Press freedom under fire in Turkey
Threats, assault, or even armed attack – for journalists in Turkey the frequency of such incidents is increasing. One of the most recent cases occurred at the end of August in the western Turkish city of Balikesir: Levent Uysal, editor of the news site Yenigun, had just left his house when two men wearing helmets opened fire on him from a motorbike: they fired six shots before speeding off, Uysal reported. Apparently they had been waiting for him.
Uysal was lucky. Only one bullet hit its target, injuring his foot. Fortunately it didn't take long for Uysal to recover. For him, what was worse was that he felt abandoned by the authorities. Although the detectives in charge worked around the clock in an attempt to solve the assassination attempt, the governor of the city scarcely took any notice of the case, says Uysal. "He didn't even call me to convey his best wishes for my recovery. I would have expected that. I must admit that I have a suspicion why I was attacked – I hope it doesn't prove to be true."
Too critical in his reporting
Uysal had written about how representatives of the city administration of Balikesir were paying their relatives hefty pensions. He therefore assumes that his work was the main reason for the assassination: "My articles in recent months have been uncomfortable. They certainly won't have liked that. But it is my duty as a journalist to ask unpleasant questions, to uncover lies and to inform."
Harlem Desir, press freedom representative with the Organisation for Security and Co-operation in Europe (OSCE), also called on the Turkish authorities to investigate the attack on Uysal and to bring those responsible to justice as soon as possible. "Violence against journalists is increasing at an alarming rate," says Desir. There have been six attacks on journalists since May. "We need to stop this trend and ensure a safe environment for journalists so that they can continue their work unhindered."
According to the BIA Media Monitoring Report, ten journalists were attacked in the first half of the year, three of whom were killed. Last week, the case of Umit Uzun – a journalist at the Demiroren News Agency (DHA) – drew the attention of the Turkish public: when he tried to report a traffic accident, policemen beat him up and handcuffed him. The non-governmental organisation Reporters Without Borders confirmed that Turkey is one of the most restrictive countries in the world when it comes to press freedom. The NGO ranks Turkey 157th out of 180 countries in its 2019 World Press Freedom Index.
The dangerous conditions and increasing attacks on journalists are also alarming international media organisations. Twenty international media houses, including Reporters Without Borders and the International Press Institute (IPI), which campaign for freedom of the press at an international level, have written to Turkish President Recep Tayyip Erdogan. In the joint letter, they condemn the increased attacks on journalists and call on Turkish politicians to bring those responsible to justice.

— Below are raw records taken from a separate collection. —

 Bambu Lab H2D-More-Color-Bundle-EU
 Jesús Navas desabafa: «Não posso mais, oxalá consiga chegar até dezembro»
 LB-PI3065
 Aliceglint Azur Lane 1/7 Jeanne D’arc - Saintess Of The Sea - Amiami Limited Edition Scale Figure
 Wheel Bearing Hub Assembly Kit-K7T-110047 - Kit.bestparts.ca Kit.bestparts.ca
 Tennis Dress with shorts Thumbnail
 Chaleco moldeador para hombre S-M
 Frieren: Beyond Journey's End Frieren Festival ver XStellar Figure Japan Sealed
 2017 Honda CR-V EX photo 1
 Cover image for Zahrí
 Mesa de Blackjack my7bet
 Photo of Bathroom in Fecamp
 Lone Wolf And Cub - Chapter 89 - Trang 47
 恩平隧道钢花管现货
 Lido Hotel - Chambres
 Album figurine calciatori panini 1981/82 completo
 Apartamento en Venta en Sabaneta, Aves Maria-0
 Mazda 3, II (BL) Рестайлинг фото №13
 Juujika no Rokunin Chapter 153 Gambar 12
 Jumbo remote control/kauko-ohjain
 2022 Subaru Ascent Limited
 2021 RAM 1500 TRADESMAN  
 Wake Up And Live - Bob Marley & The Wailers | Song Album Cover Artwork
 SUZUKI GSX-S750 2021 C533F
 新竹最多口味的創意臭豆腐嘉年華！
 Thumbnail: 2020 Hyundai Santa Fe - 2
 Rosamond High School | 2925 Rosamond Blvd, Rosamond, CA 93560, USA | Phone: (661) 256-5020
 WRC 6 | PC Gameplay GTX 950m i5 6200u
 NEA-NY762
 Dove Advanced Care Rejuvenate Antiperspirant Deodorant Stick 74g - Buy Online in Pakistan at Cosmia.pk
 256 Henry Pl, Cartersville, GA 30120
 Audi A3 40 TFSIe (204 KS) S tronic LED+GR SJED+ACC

But the call has been ignored by the government alliance of the nationalist MHP and the Islamic-conservative AKP, says Erol Onderoglu, the Turkish representative of Reporters without Borders: "The attitude of the government and the authorities is irresponsible. After all, since the local elections on 31 March 2019, violence against journalists has continued to spread. It seems to me that no-one is interested in an adequate response." Police violence has also created a dangerous climate. "In Turkey, there is currently minimal protection for journalists' lives," warns Onderoglu.
Unemployment as an additional problem
In addition to physical violence, another existential problem affecting journalists in Turkey is unemployment. Like thousands of his colleagues, Uysal also has to contend with an economic downturn. When his newspaper was close to bankruptcy, he decided to only publish online. "There is hardly any support from my community, so we can barely keep our heads above water," he complains.
According to figures from the Turkish Statistics Institute (TUIK), journalists were – after social workers – the second occupational group most affected by unemployment in 2018. In just one year, the number of unemployed journalists rose by 4.7 percentage points to 23.8 percent. It is a sector that is dominated by mushrooming media cartels.
The attempted coup in July 2016 was followed by the mass closure of media and press houses. Moreover, the situation has not been helped by the weakening of the Turkish trade unions. And the result? Plurality is falling by the wayside.